Michal ZimmermannPieces of knowledge from the world of GIS.

Articles tagged with openshift tag

Twitter REST API Data Mining on OpenShift (Part II)

Last time I described the setup of my OpenShift Twitter crawler and let it running and downloading data. It’s been more than two months since I started and I got interesting amount of data. I also made a simple ETL process to load it into my local PostGIS database, which I’d like to cover in this post.

Extract data

Each day is written to the separate sqlite file with a name like tw_day_D_M_YYYY. Bash is used to gzip all the files before downloading them from OpenShift.

#!/bin/bash

ssh openshift << EOF
    cd app-root/data
    tar czf twitter.tar.gz *.db
EOF

scp openshift:/var/lib/openshift/55e487587628e1280b0000a9/app-root/data/twitter.tar.gz ./data
cd data &&
tar -xzf twitter.tar.gz &&
cd -

echo "Extract done"

Transform data

The transformation part operates on downloaded files and merges them into one big CSV file. That’s pretty straightforward. Note that’s quite simple with sqlite flags, some sed and tail commands.

#!/bin/bash

rm -rf ./data/csv
mkdir ./data/csv

for db in ./data/*.db; do
    FILENAME=$(basename $db)
    DBNAME=${FILENAME%%.db}
    CSVNAME=$DBNAME.csv
    echo "$DBNAME to csv..."
    sqlite3 -header -csv $db "select * from $DBNAME;" > ./data/csv/$CSVNAME
done

cd ./data/csv
touch tweets.csv
echo $(sed -n 1p $(ls -d -1 *.csv | head -n 1)) > tweets.csv # get column names

for csv in tw_*.csv; do
    echo $csv
    tail -n +2 $csv >> tweets.csv # get all lines without the first one
done

Load data

In the last step, the data is loaded with SQL \copy command.

#!/bin/bash

export PG_USE_COPY=YES

DATABASE=mzi_dizertace
SCHEMA=dizertace
TABLE=tweets

psql $DATABASE << EOF
    DROP TABLE IF EXISTS $SCHEMA.$TABLE;
    CREATE UNLOGGED TABLE $SCHEMA.$TABLE (id text, author text, author_id text, tweet text, created_at text, lon float, lat float, lang text);
    \copy $SCHEMA.$TABLE FROM 'data/csv/tweets.csv' CSV HEADER DELIMITER ','
    ALTER TABLE $SCHEMA.$TABLE ADD COLUMN wkb_geometry geometry(POINT, 4326);
    UPDATE $SCHEMA.$TABLE SET wkb_geometry = ST_SetSRID(ST_MakePoint(lon, lat), 4326);
    CREATE INDEX ${TABLE}_geom_idx ON $SCHEMA.$TABLE USING gist(wkb_geometry);
    COMMIT;
EOF

First statistics

Some interesting charts and numbers follow.
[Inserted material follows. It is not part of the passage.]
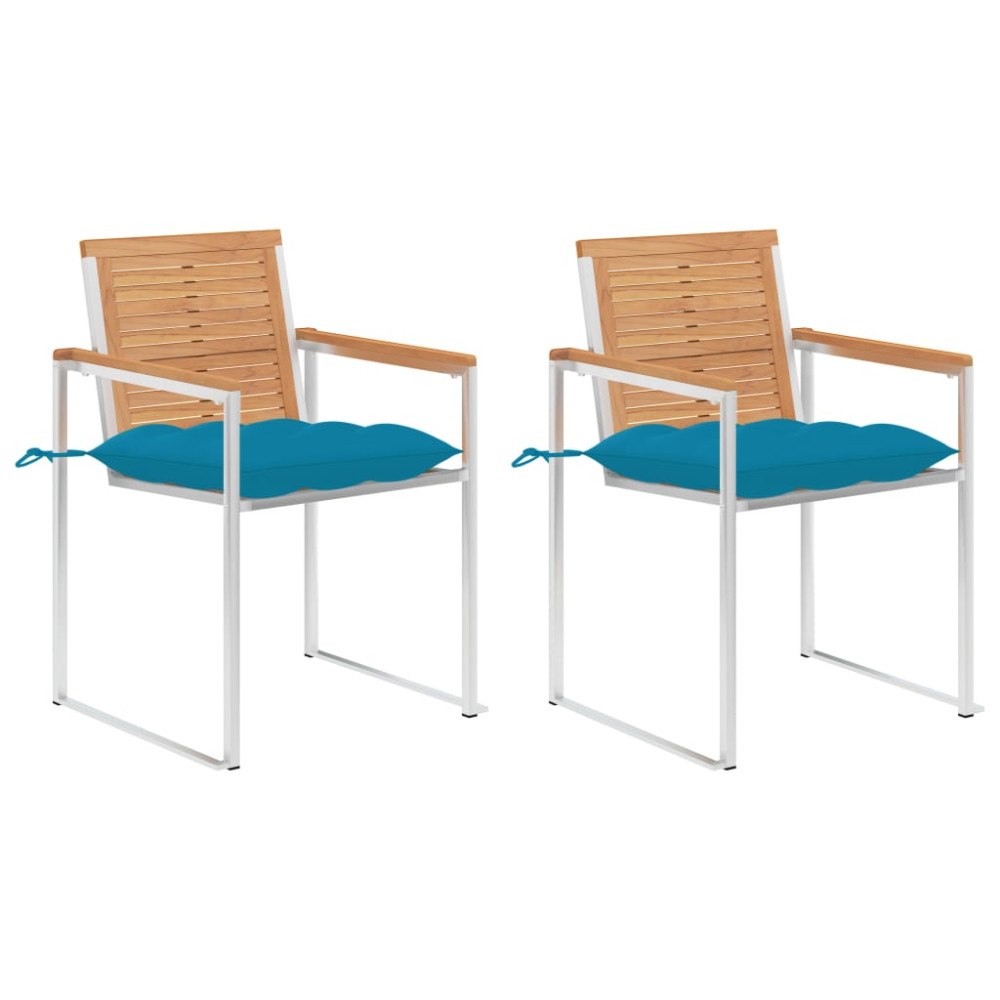 vidaXL Trädgårdsstolar 2 st med dynor massiv teak och stål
Twitter REST API Data Mining on OpenShift (Part I)

More than a year ago I wrote about analyzing Twitter languages with Streaming API. Back then I kept my laptop running for a week to download data. Not a comfortable way, especially if you decide to get more data. One year uptime doesn’t sound like anything you want to be part of. OpenShift by Red Hat seems to be almost perfect replacement. Almost.

OpenShift setup

I started with Node.js application running on one small gear. Once running, you can easily git push the code to your OpenShift repo and login via SSH. I quickly found simple copy-pasting my local solution wasn’t going to work. and fixed it with some minor tweaks. That’s where the fun begins…

I based the downloader on Node.js a year ago. Until now I still don’t get how that piece of software works. Frankly, I don’t really care as long as it works.

Pitfalls

If your application doesn’t generate any traffic, OpenShift turns it off. It wakes up once someone visits again. I had no idea about that and spent some time trying to stop that behavior. Obviously, I could have scheduled a cron job on my laptop pinging it every now and then. Luckily, OpenShift can run cron jobs itself. All you need is to embed a cron cartridge into the running application (and install a bunch of ruby dependencies beforehand).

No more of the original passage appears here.